▸ **ASSIGNED TASK**
Dropping every picture, set down exactly the lines in the entries below, starting with the line with "LOVELY FRESH LANDSCAPING" and going on through the line with "Black evening dress.".
╭──
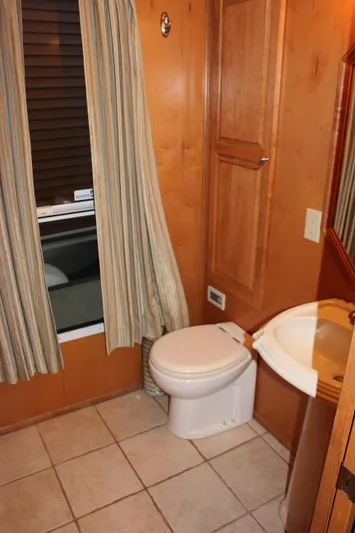  Yacht Photos Pics 2007 Legacy Yachts Majestic bathroom with wood paneling, toilet, and sink.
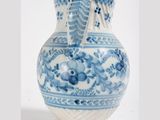 a blue and white vase sitting on a white surface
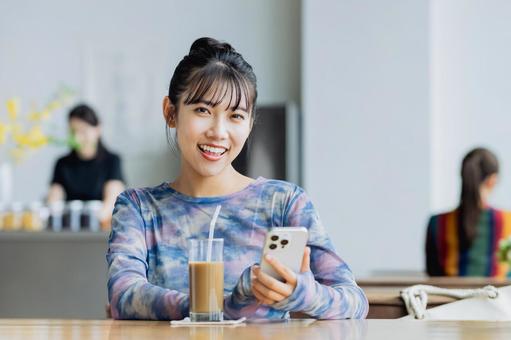 カフェでスマホを見る若い女性 カフェでスマホを見る若い女性 カフェ,スマホ,女性の写真素材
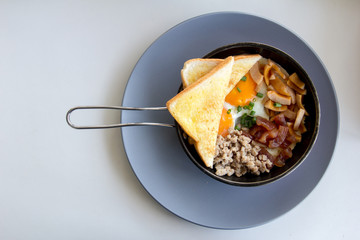 American breakfast contain egg, minced pork, sausage, toast on pan background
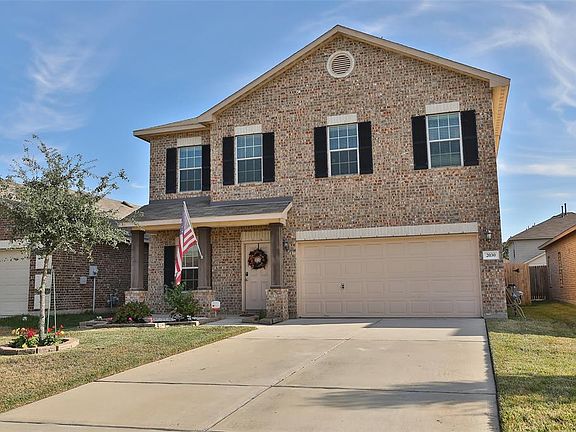 LOVELY FRESH LANDSCAPING DETAIL - Front view offers eye catching brick & stone exterior with a double-wide drive for ease of parking.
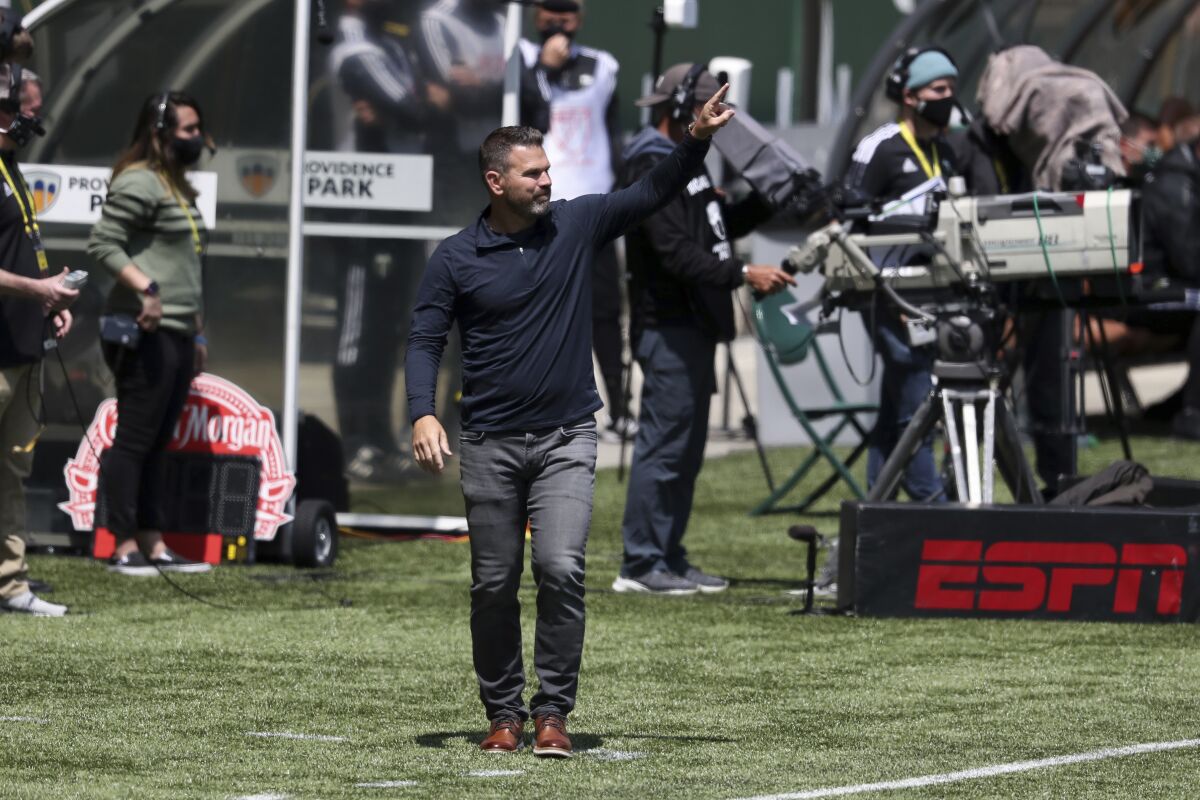 Galaxy coach Greg Vanney signals to players during a loss to the Timbers 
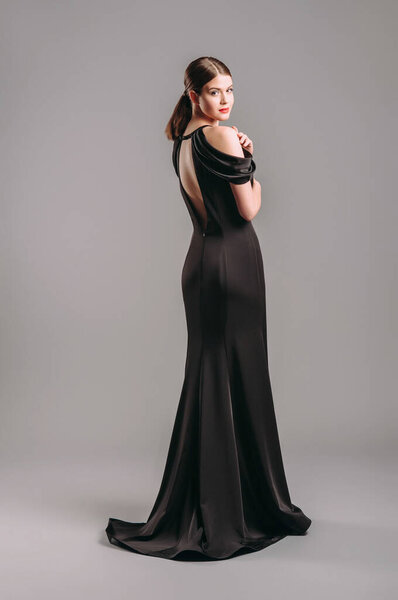 Black evening dress. Studio shot. Beautiful young woman in long sleeveless chiffon dress. 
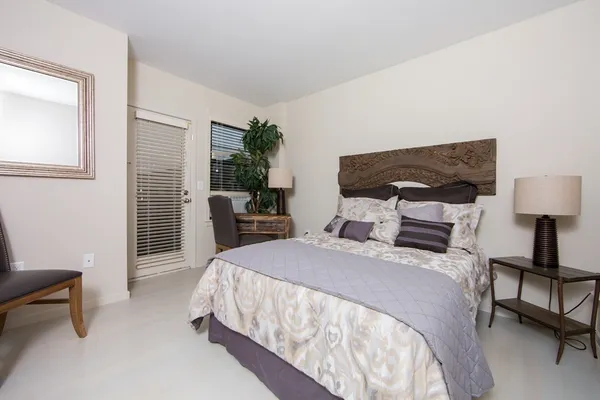 a bedroom with a bed and a chair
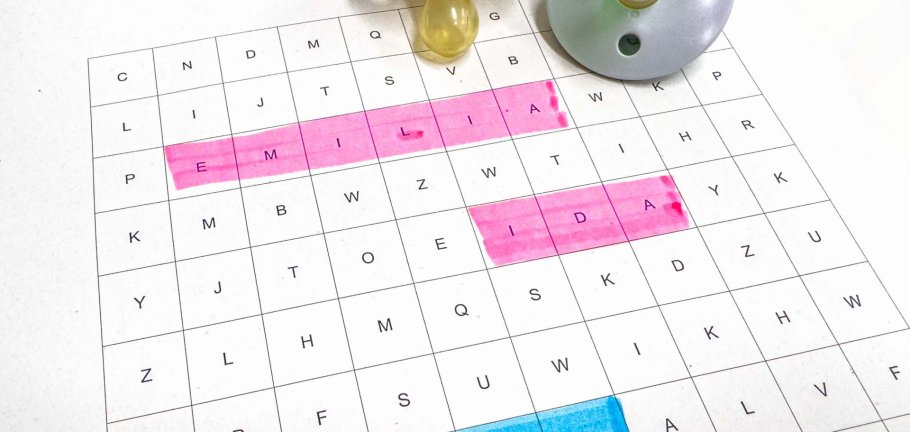 Zwei Schnuller liegen neben einem Wörterrätsel, in dem die Namen Emilia, Ida und Liam farblich markiert sind.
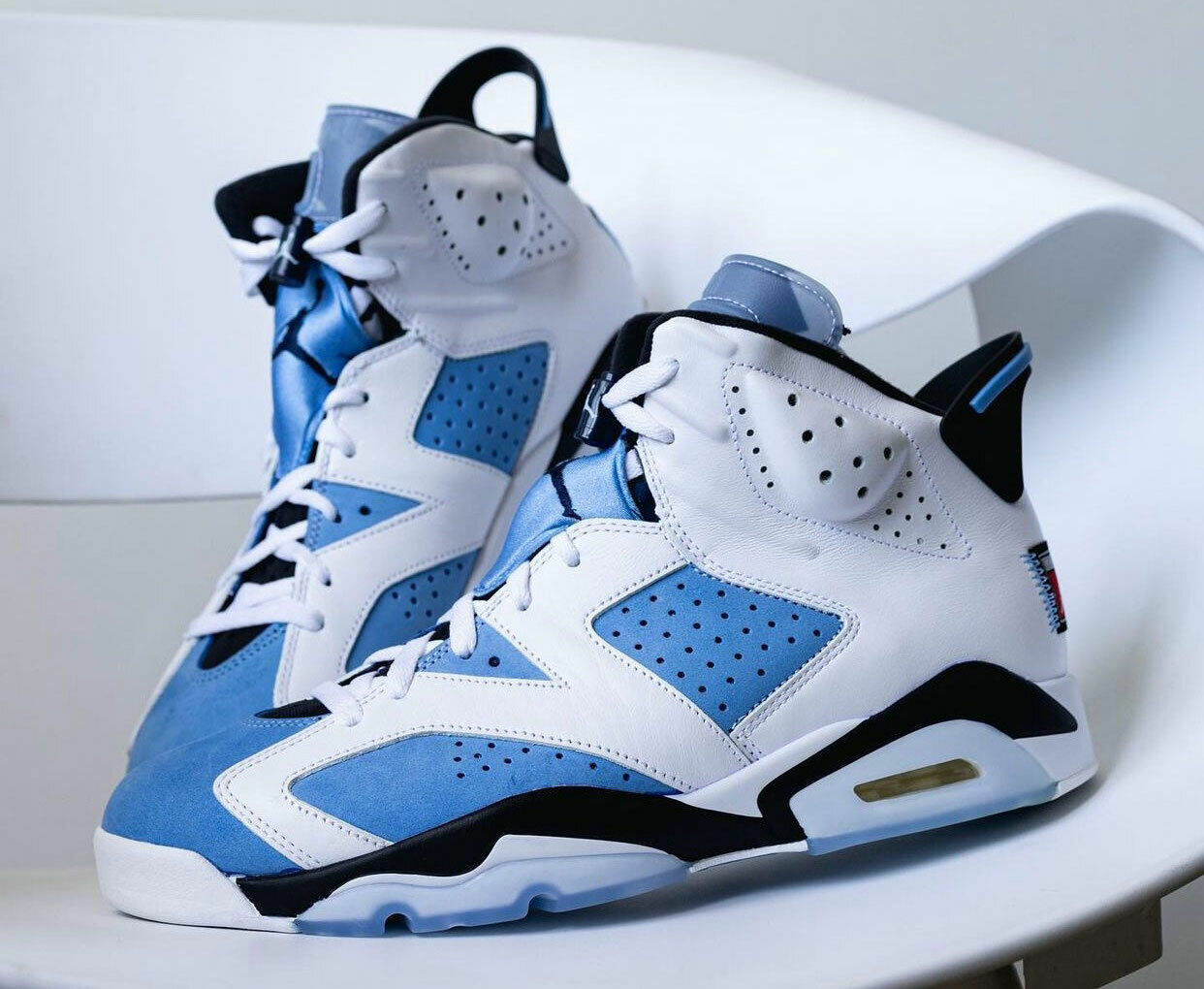 blue and white jordan 6's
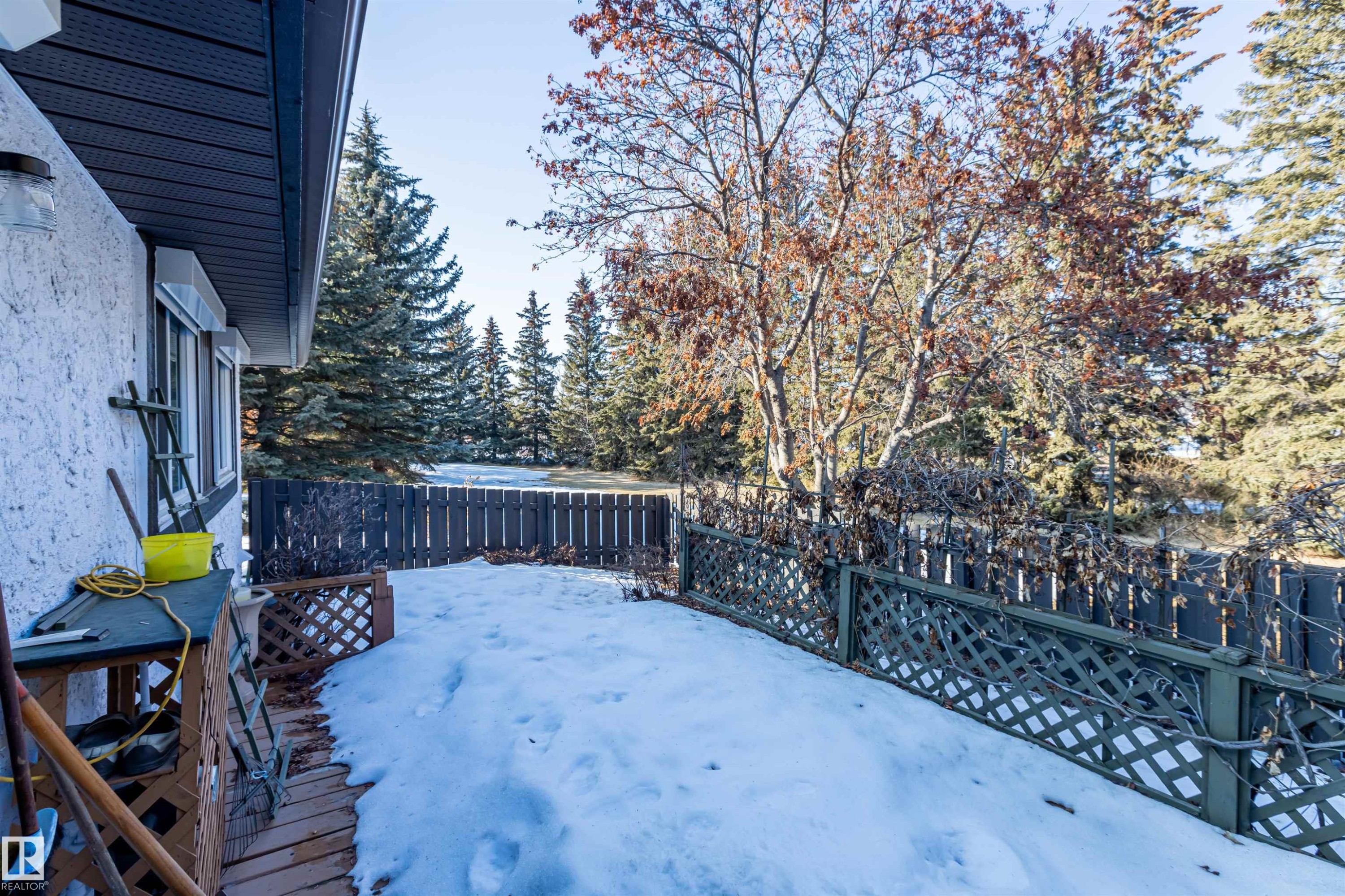 The property features an exterior with textured stucco siding and a dark soffit - 108 Forest Grove, St. Albert, AB - Outdoor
╰──
▸ **EXERCISE RESPONSE**
 LOVELY FRESH LANDSCAPING DETAIL - Front view offers eye catching brick & stone exterior with a double-wide drive for ease of parking.
 Galaxy coach Greg Vanney signals to players during a loss to the Timbers 
 Black evening dress. Studio shot. Beautiful young woman in long sleeveless chiffon dress. 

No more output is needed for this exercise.